General MIDI's Percussion Key Map specifies the percussion sound that a given note triggers. MIDI note numbers shown in parentheses next to their corresponding keyboard note.

In GM standard MIDI files, channel 10 is reserved for percussion instruments only. Notes recorded on channel 10 always produce percussion sounds when transmitted to a keyboard or synth module which uses the GM standard. Each distinct note number specifies a unique percussive instrument, rather than the sound's pitch.

If a MIDI file is programmed to the General MIDI protocol, then the results are predictable, but timbre and sound fidelity may vary depending on the quality of the GM synthesizer.

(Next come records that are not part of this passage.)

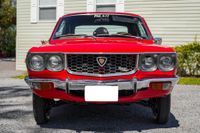 1975 Mazda RX-3 for sale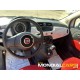 FIAT 500 1.2 69 CV Lounge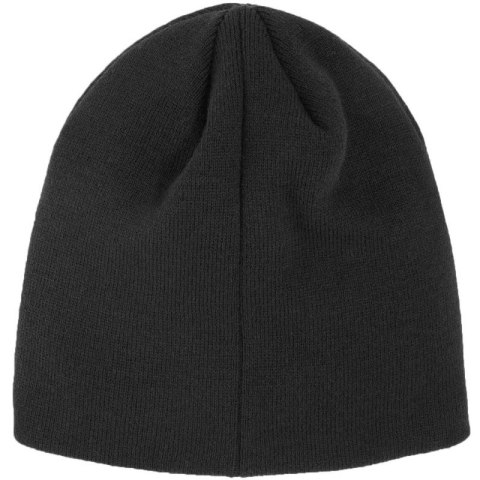 Czapka Puma Individual Winterized Tech M 024943 01 Czapka Puma Individual Winterized Tech M 024943 01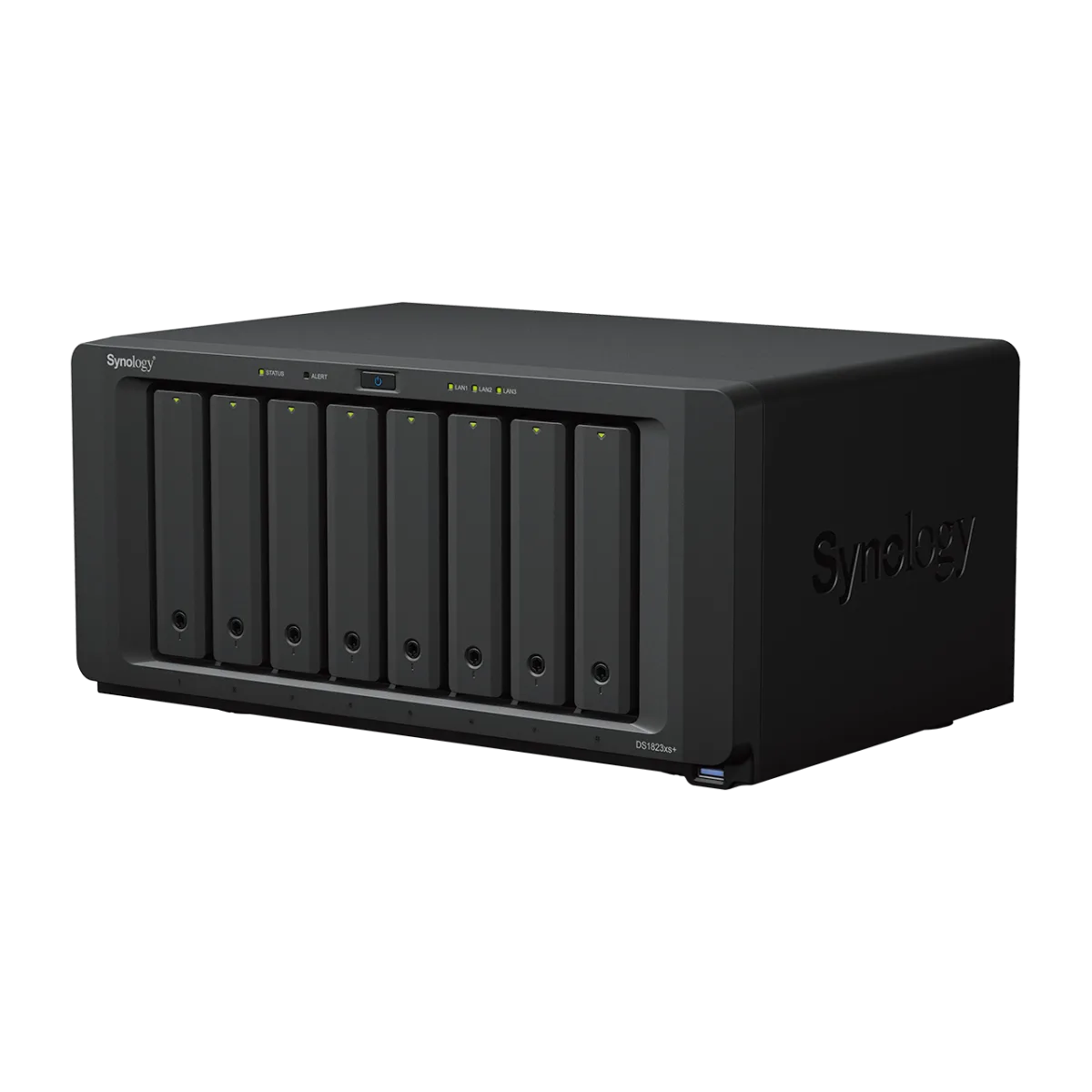Synology DiskStation DS1823xs+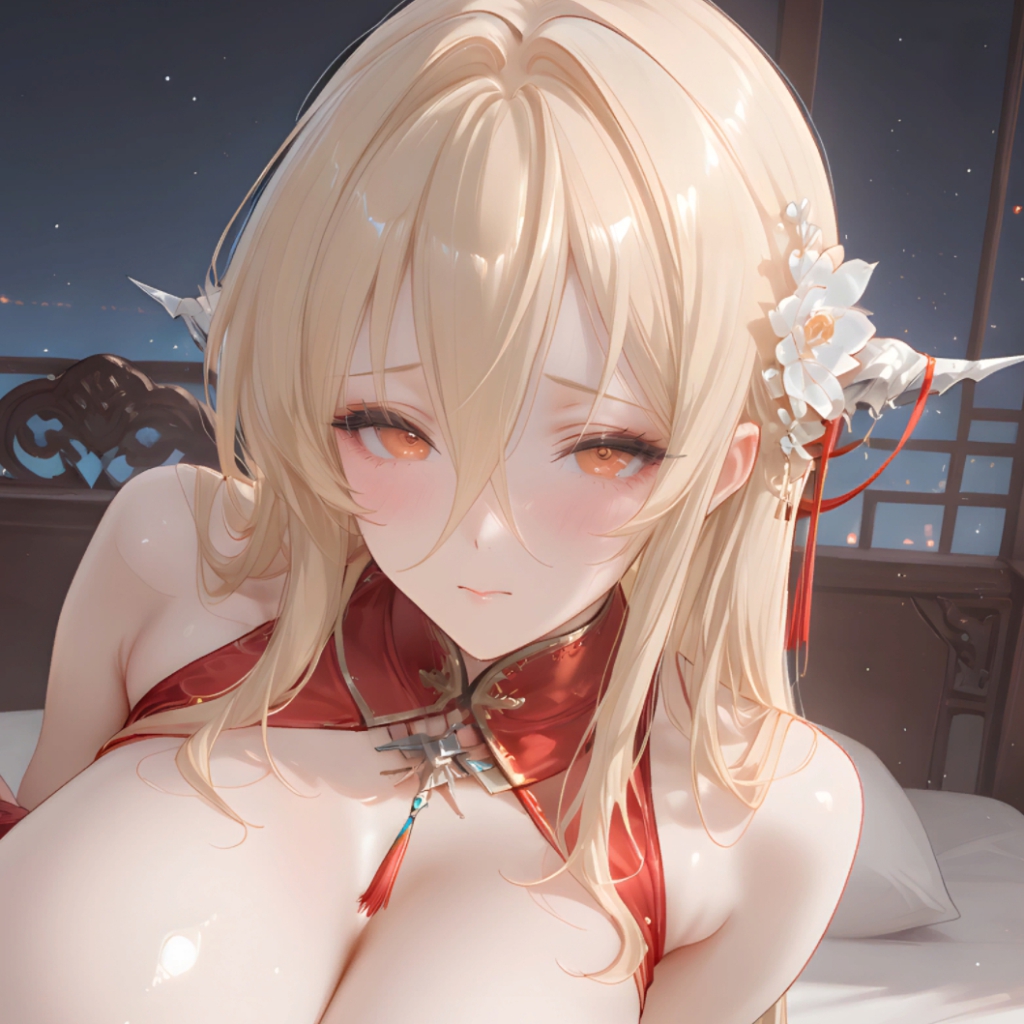 [Hajily-859][R-18]2026-03-08 Implacable 02 P1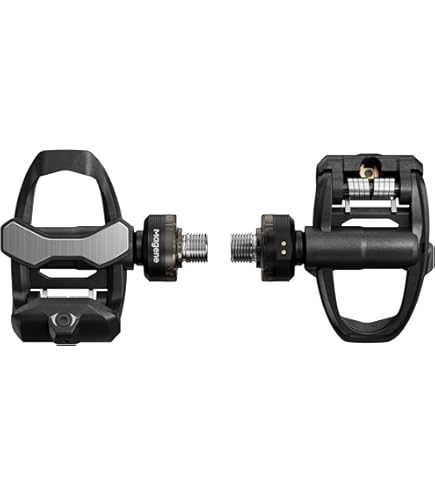 Amazon | ファベロ Assioma UNO ブラック 94mmx96mm | ファベロ(Favero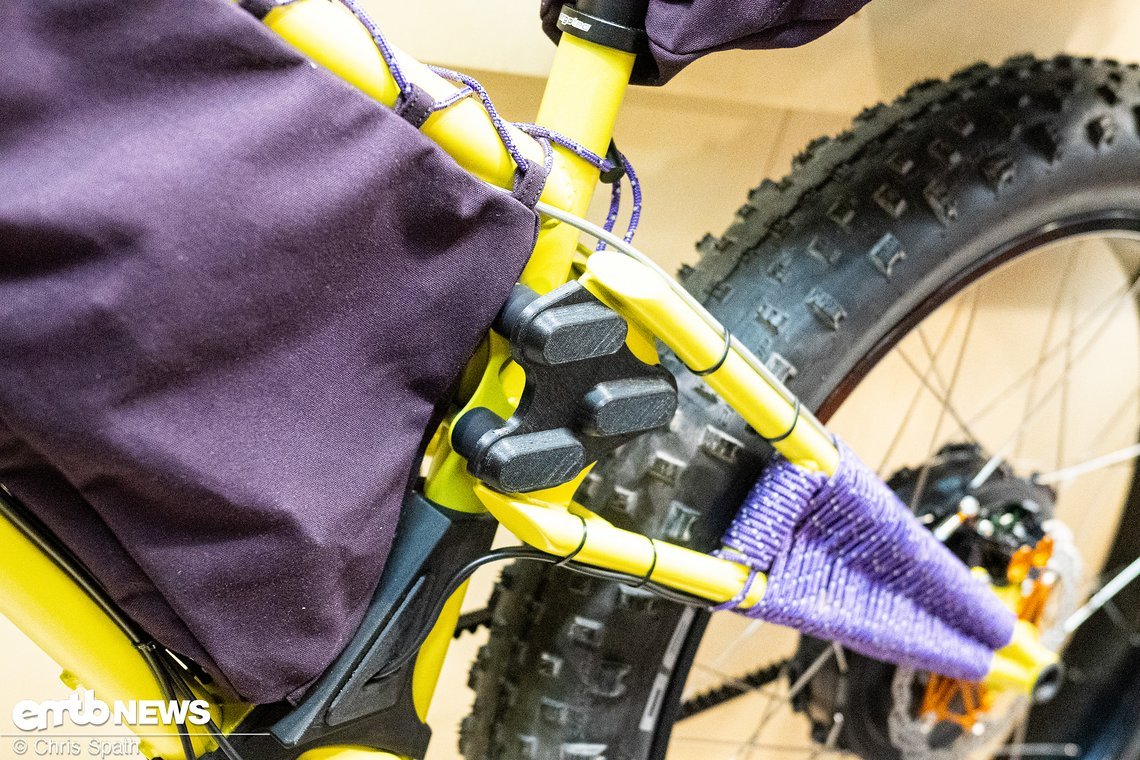 Foto Chris Spath Bespoked Cargo Utility -061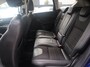Ford Kuga 1.6 Titanium Plus 4WD | Airco | Cruise | Leder/Stof | PDC + Camera |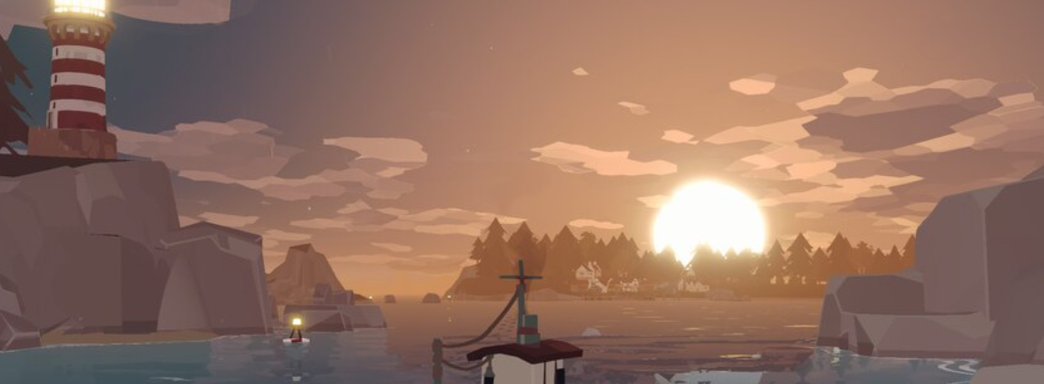 За право экранизировать лавкрафтовский симулятор рыбалки Dredge развернулась борьба. Голливуд изменил отношение к видеоиграм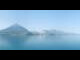 Webcam in Merligen, 14.9 km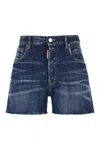 Dsquared2 Shorts
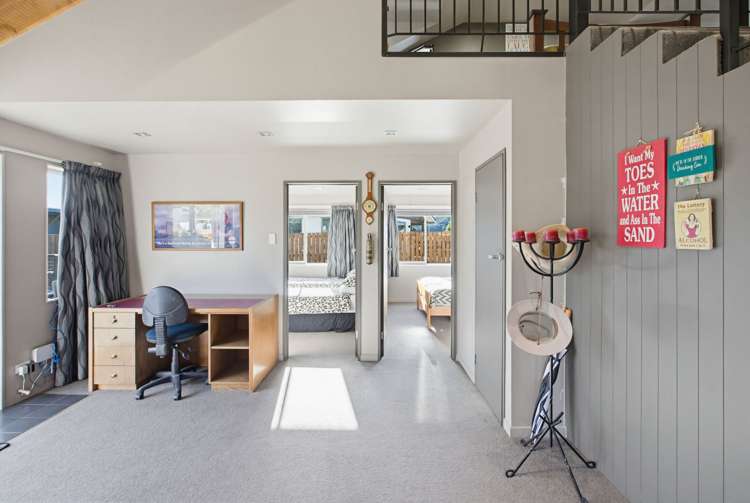 8 Westoe Street Waikaia_22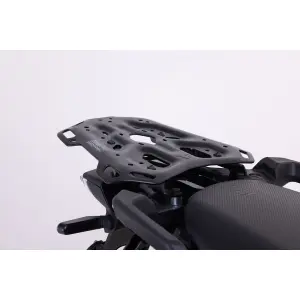 Topcase-System SW-Motech Urban ABS KTM, Husqvarna Norden 901. image-1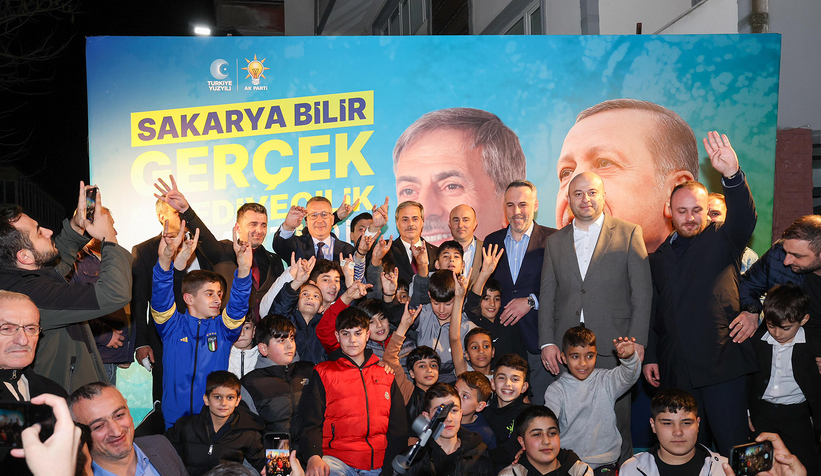yusuf-alemdara-hizirtepede-coskulu-karsilamaavhyrgnpzm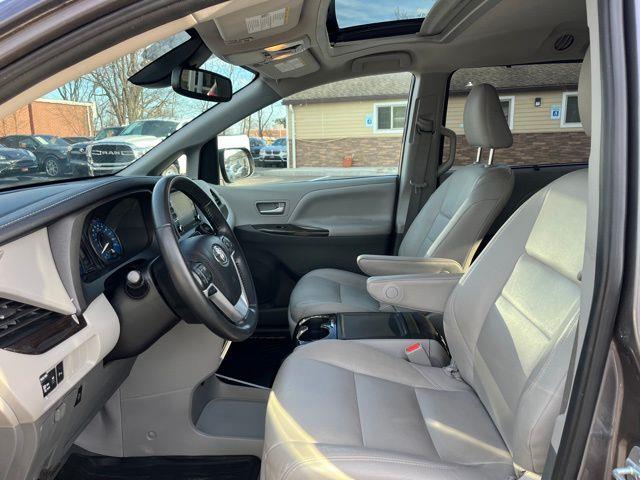 2020 Toyota Sienna Limited Premium, available for sale in Floral Park, New York | Shop Auto NY. Floral Park, New York 2020 Toyota Sienna Limited Premium, available for sale in Floral Park, New York | Shop Auto NY. Floral Park, New York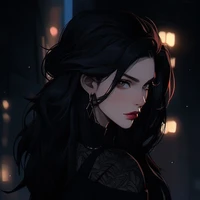 flstepsis/Naira William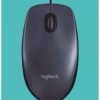 Logitech wireless keyboards in kenya, logitech keyboards in kenya, logitech dealers in kenya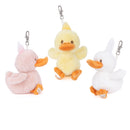 Quack Bag Charms
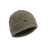 Beretta - Marten Beanie - Green Stone & Bark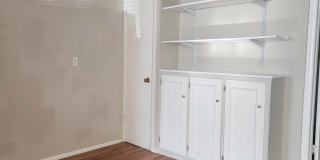 1125 Ramona Avenue Gallery 5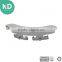 BJ-219 Banjo Parts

The General MIDI standard includes 47 percussive sounds, using note numbers 35-81 (of the possible 128 numbers from 0–127), as follows:

- 35 Acoustic Bass Drum or Low Bass Drum (B1)
- 36 Electric Bass Drum or High Bass Drum (C2)
- 37 Side Stick (C#2)
- 38 Acoustic Snare (D2)
- 39 Hand Clap (Eb2)
- 40 Electric Snare or Rimshot (E2)
- 41 Low Floor Tom (F2)
- 42 Closed Hi-hat(F#2)
- 43 High Floor Tom(G2)
- 44 Pedal Hi-hat (Ab2)
- 45 Low Tom (A2)
- 46 Open Hi-hat (Bb2)
- 47 Low-Mid Tom (B2)
- 48 High-Mid Tom (C3)
- 49 Crash Cymbal 1 (C#3)
- 50 High Tom (D3)
- 51 Ride Cymbal 1 (Eb3)
- 52 Chinese Cymbal (E3)
- 53 Ride Bell (F3)
- 54 Tambourine (F#3)
- 55 Splash Cymbal (G3)
- 56 Cowbell (Ab3)
- 57 Crash Cymbal 2 (A3)
- 58 Vibraslap (Bb3)
- 59 Ride Cymbal 2 (B3)
- 60 High Bongo (C4 - middle C)
- 61 Low Bongo (C#4)
- 62 Mute High Conga (D4)
- 63 Open High Conga (Eb4)
- 64 Low Conga (E4)
- 65 High Timbale (F4)
- 66 Low Timbale (F#4)
- 67 High Agogô (G4)
- 68 Low Agogô (Ab4)
- 69 Cabasa (A4)
- 70 Maracas (Bb4)
- 71 Short Whistle (B4)
- 72 Long Whistle (C5)
- 73 Short Güiro (C#5)
- 74 Long Güiro (D5)
- 75 Claves (Eb5)
- 76 High Woodblock (E5)
- 77 Low Woodblock (F5)
- 78 Mute Cuíca (F#5)
- 79 Open Cuíca (G5)
- 80 Mute Triangle (Ab5)
- 81 Open Triangle (A5)

The standard does not specify program change numbers for different drum sets.

===Controller events===
In MIDI, adjustable parameters for each of the 16 possible MIDI channels may be set with the Control Change (CC) message, which has a Control Number parameter and a Control Value parameter (expressed in a range from 0 to 127). GM also specifies which operations should be performed by multiple Control Numbers.

| CC | Function |
|---|---|
| 0 | Pitch bend (MSB/LSB) |
| 1 | Modulation wheel |
| 7 | Channel volume |
| 10 | Channel pan |
| 11 | Expression controller |
| 64 | Sustain pedal |
| 66 | Sostenuto pedal |
| 67 | Soft pedal |
| 121 | Reset all controllers |
| 123 | All notes off/on |

===RPN===

GM defines several Registered Parameters, which act like Controllers but are addressed in a different way. In MIDI, every Registered Parameter is assigned a Registered Parameter Number or RPN. Registered Parameters are usually called RPNs for short.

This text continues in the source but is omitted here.